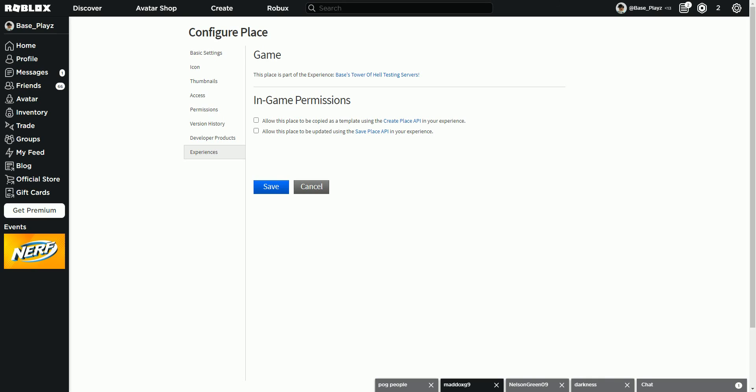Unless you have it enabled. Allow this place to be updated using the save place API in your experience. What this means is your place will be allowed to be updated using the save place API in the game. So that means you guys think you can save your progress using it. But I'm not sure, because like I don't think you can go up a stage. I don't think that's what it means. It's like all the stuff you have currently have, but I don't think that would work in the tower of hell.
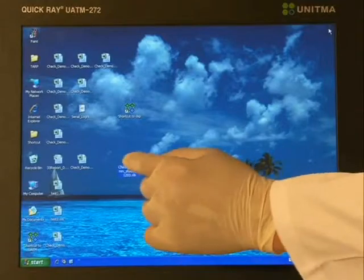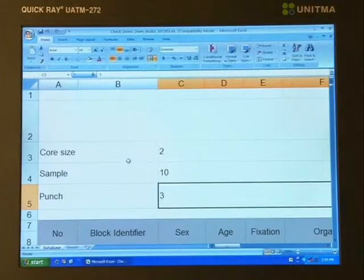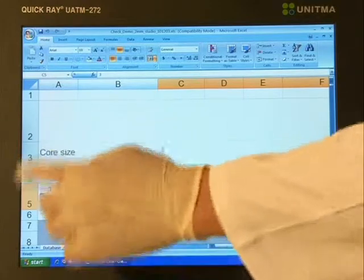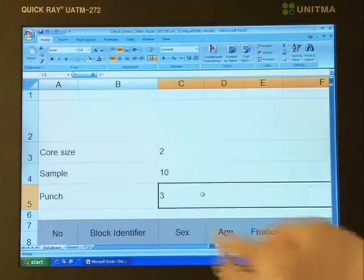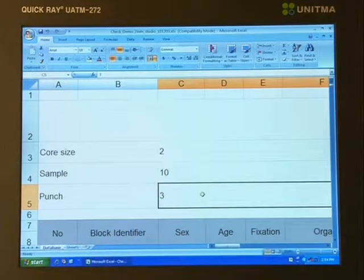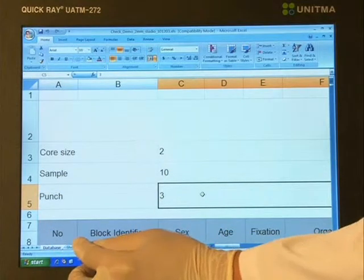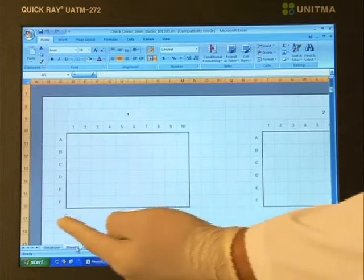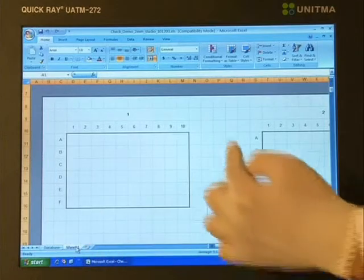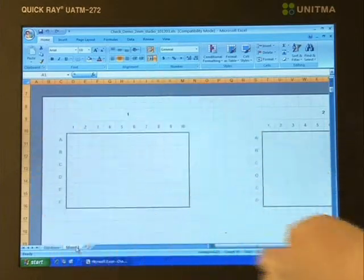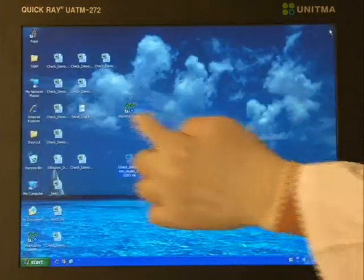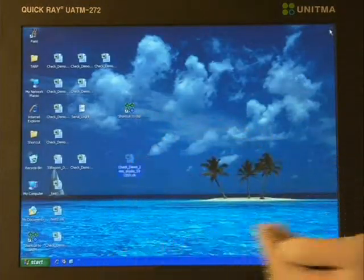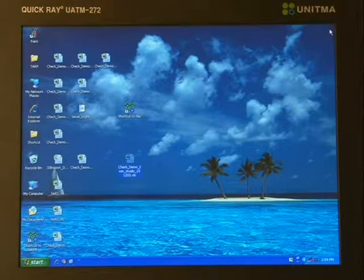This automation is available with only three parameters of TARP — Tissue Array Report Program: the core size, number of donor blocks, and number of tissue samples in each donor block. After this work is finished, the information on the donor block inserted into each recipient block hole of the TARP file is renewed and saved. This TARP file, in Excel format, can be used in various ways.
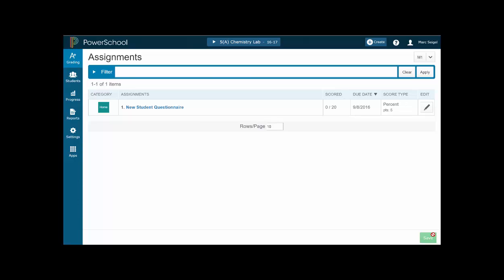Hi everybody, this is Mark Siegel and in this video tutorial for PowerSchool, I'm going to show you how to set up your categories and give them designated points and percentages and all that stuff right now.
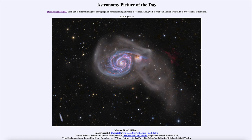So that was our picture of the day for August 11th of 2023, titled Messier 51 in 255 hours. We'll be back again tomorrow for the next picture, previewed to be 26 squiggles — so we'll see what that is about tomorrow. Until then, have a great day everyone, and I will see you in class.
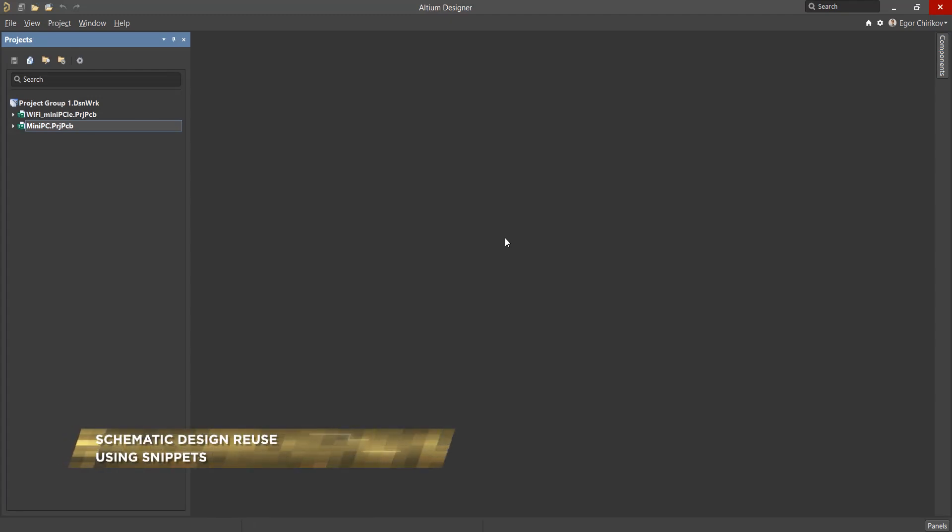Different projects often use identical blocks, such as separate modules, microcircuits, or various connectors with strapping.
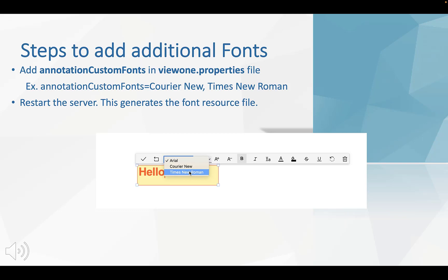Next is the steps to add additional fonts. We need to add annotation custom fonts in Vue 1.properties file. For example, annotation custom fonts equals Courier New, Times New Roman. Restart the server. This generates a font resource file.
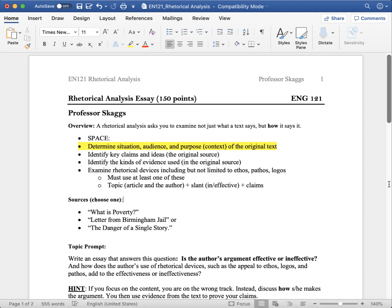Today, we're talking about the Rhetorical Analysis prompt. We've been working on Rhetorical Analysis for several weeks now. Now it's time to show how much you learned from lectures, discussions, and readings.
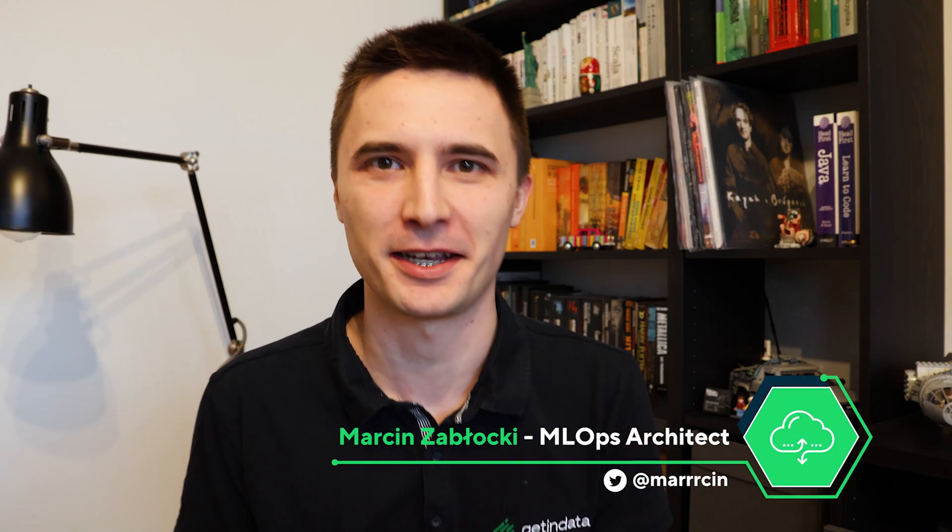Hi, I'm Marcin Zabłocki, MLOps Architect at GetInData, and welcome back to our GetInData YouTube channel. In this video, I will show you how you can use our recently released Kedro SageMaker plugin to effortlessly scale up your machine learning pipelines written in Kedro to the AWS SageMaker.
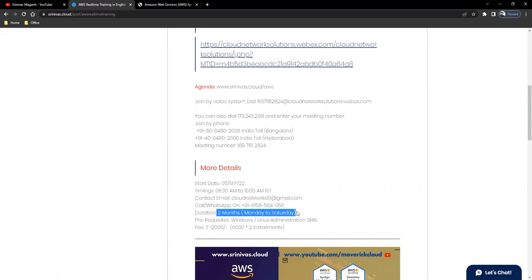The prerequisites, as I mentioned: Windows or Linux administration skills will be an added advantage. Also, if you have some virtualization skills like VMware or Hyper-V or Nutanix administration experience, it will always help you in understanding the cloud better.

*-*-*

> [What is required]:
The records shown above are to be repeated exactly, with the pictures left out.

> [Your solution]:
Unless you have it enabled. Allow this place to be updated using the save place API in your experience. What this means is your place will be allowed to be updated using the save place API in the game. So that means you guys think you can save your progress using it. But I'm not sure, because like I don't think you can go up a stage. I don't think that's what it means. It's like all the stuff you have currently have, but I don't think that would work in the tower of hell.
This automation is available with only three parameters of TARP — Tissue Array Report Program: the core size, number of donor blocks, and number of tissue samples in each donor block. After this work is finished, the information on the donor block inserted into each recipient block hole of the TARP file is renewed and saved. This TARP file, in Excel format, can be used in various ways.
Hi everybody, this is Mark Siegel and in this video tutorial for PowerSchool, I'm going to show you how to set up your categories and give them designated points and percentages and all that stuff right now.
So that was our picture of the day for August 11th of 2023, titled Messier 51 in 255 hours. We'll be back again tomorrow for the next picture, previewed to be 26 squiggles — so we'll see what that is about tomorrow. Until then, have a great day everyone, and I will see you in class.
Different projects often use identical blocks, such as separate modules, microcircuits, or various connectors with strapping.
Next is the steps to add additional fonts. We need to add annotation custom fonts in Vue 1.properties file. For example, annotation custom fonts equals Courier New, Times New Roman. Restart the server. This generates a font resource file.
Today, we're talking about the Rhetorical Analysis prompt. We've been working on Rhetorical Analysis for several weeks now. Now it's time to show how much you learned from lectures, discussions, and readings.
Hi, I'm Marcin Zabłocki, MLOps Architect at GetInData, and welcome back to our GetInData YouTube channel. In this video, I will show you how you can use our recently released Kedro SageMaker plugin to effortlessly scale up your machine learning pipelines written in Kedro to the AWS SageMaker.
The prerequisites, as I mentioned: Windows or Linux administration skills will be an added advantage. Also, if you have some virtualization skills like VMware or Hyper-V or Nutanix administration experience, it will always help you in understanding the cloud better.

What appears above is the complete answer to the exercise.